Auto-Review (Category 12 Adjacent)
Setting approvals_reviewer = "auto_review" routes approval requests through an automated reviewer agent that evaluates actions for data exfiltration, credential probing, and destructive operations before execution 5. This addresses part of the static-analysis gap, though the reviewer operates at the action level rather than on generated code.
MCP Threat Surface (Category 6)
As of v0.143.0, MCP tools use tool search by default 6, which defers tool description loading and reduces the window for tool-poisoning attacks. The requirements.toml fleet-wide MCP allowlist provides organisational control over which MCP servers are permitted 5.
Where Codex CLI Falls Short
Mapping Codex CLI against Rashidi’s five gaps reveals specific weaknesses:
graph LR
G1["Gap 1: No shared<br/>benchmark"] -- "No public eval of<br/>Landlock + approval_policy<br/>composition" --> C1["⚠️ Unaddressed"]
G2["Gap 2: Policy bypass<br/>rates untested"] -- "No evidence sandbox<br/>stops obfuscated<br/>ShellSieve variants" --> C2["⚠️ Unaddressed"]
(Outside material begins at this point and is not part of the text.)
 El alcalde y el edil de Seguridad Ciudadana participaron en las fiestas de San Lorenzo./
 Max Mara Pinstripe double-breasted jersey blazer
G3["Gap 3: TOCTOU =<br/>MCP poisoning"] -- "Tool search reduces<br/>window but does not<br/>close it" --> C3["🟡 Partial"]
G4["Gap 4: Policy<br/>authoring errors"] -- "No validation of<br/>config.toml or<br/>AGENTS.md correctness" --> C4["⚠️ Unaddressed"]
G5["Gap 5: Scope creep<br/>at 17.1%"] -- "approval_policy gates<br/>actions, not intent" --> C5["⚠️ Unaddressed"]
TOCTOU (Gap 3) is the most tractable. Codex CLI’s PreToolUse hook fires before every tool invocation and could theoretically re-validate the tool description against the original discovery response. Today, however, the hook infrastructure does not expose tool description metadata — only the tool name and arguments 5. A community proposal for a PostToolUseFailure hook (GitHub issue #24907) would add partial coverage but still would not address the validate-then-act race.
Scope creep (Gap 5) is the hardest to close. The approval_policy is permission-based (RC3): it encodes what the agent may do, not what it should do right now. Detecting that the agent is performing permitted-but-unsolicited work requires intent modelling that sits outside the current hook and policy system.
Practitioner Implications
Audit Your Composed Defences
Do not assume that sandbox plus approval plus network proxy equals security. Rashidi’s Gap 1 demonstrates that no published evaluation tests these layers in composition 1. Run your own adversarial testing against the full stack.
Test Against Empirical Bypasses, Not Toy Examples
SecureVibeBench found that agents produce correct and secure solutions only 23.8% of the time 1. If your threat model assumes the agent generates safe code because it runs in a sandbox, the sandbox is solving the wrong problem.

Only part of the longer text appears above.